The government’s commitment to statutory Health Education, Relationships Education (primary) and Relationships and Sex Education (secondary) from 2020 will encourage schools to place more emphasis on PSHE education and increases the need for trained, effective teachers in place to deliver it well.
Initial teacher education (ITE) can provide a vital foundation for delivering PSHE education safely and effectively, yet the nature and importance of such learning is not always fully understood.
We published ‘Teacher Trainers and PSHE Education: A Snapshot’ in February 2019, a report on our research into PSHE provision in ITE. The report focusses on provision in the West Midlands, but its findings, recommendations and good practice examples will be of interest to ITE providers of all types across the country.
We also launched a ‘PSHE education in ITE: a framework to support teacher educators and trainee teachers’ in February.
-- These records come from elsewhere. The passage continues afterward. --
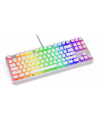 endorfy Klawiatura gamingowa - Thock TKL OWH P.Kailh RD RGB - nr 9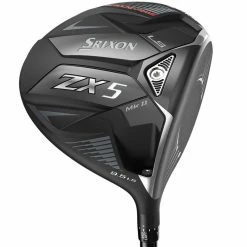 Srixon ZX5 LS MKII Driver 2023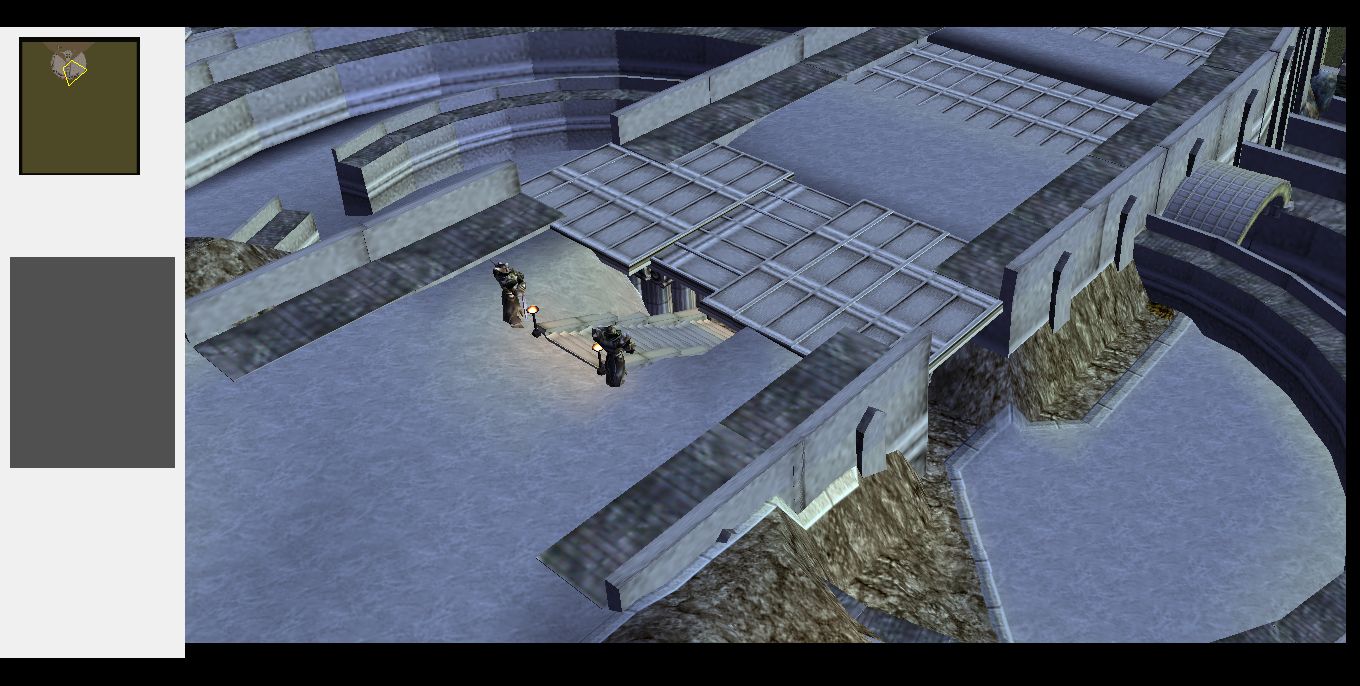 New Entrance P.2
This framework outlines learning opportunities for ITE providers to consider including in their curriculum. This can be used as a standalone resource or in tandem with students’ completion of our existing Certificate of professional development in PSHE education for newly qualified teachers..
We feature the University of Worcester in our report as an example of primary phase ITE provision that fully embeds discrete and integrated PSHE education across their curriculum.
They have shared a possible approach to inclusion of PSHE in an undergraduate and postgraduate Primary phase ITE programme [available here]. The programme, which is based on the exemplar model shared, has received very positive feedback from their trainee teachers.
See the below video from Victoria Pugh at the University of Worcester — where ITE PSHE students talk about their experiences on the course.
Our report also features a case study from the University of Birmingham — whose trainee teachers commented favourably on the input within their secondary PGDipEd programmes:
Completing training in PSHE during my PGDipEd allowed me to develop as a facilitator of PSHE. It helped me understand how meaningful, effective PSHE can contribute greatly to the holistic development of pupils and provide them with the skills needed to develop as confident, healthy and happy individuals far beyond school. I am much more confident and dedicated to the facilitation of PSHE than many of my colleagues who have not been trained in the subject.
NQT: Teacher of PSHE education, year 11
Take a look in our report to find out more about ways these universities embed PSHE education in their ITE programmes.
PSHE Association support and membership for NQT's
The PSHE Association is pleased to offer a reduced price concessionary membership costing £15 for a year (normally £45) to Newly Qualified Teachers (NQTs), student teachers and Teaching Assistants in their first year of membership.
The key benefits of membership are:
- Access to popular member-only resources to help you plan your PSHE education programme and effectively address key issues in lessons.
- The latest PSHE news on curriculum, resources and training by email, social media and our website.
- Advice and support from a PSHE Subject Specialist when you need it, by phone or email.
- Access to high quality CPD courses and conferences to help you plan, coordinate and assess PSHE in your school.
- Being part of a growing community of professionals working to improve the quality and profile of PSHE education nationally.
Certificate of professional development in PSHE education for newly qualified teachers
Working towards the certificate will support Newly qualified teachers (NQT's) to develop the basic understanding and skills they require to effectively teach PSHE education on qualification. NQTs are often required to deliver PSHE upon taking up their first teaching post.
Successfully completing the professional development framework and achieving the Certificate of professional development in PSHE education for newly qualified teachers, leaves trainee teachers feeling better prepared and confident to teach PSHE education, as well as enhancing their employment prospects.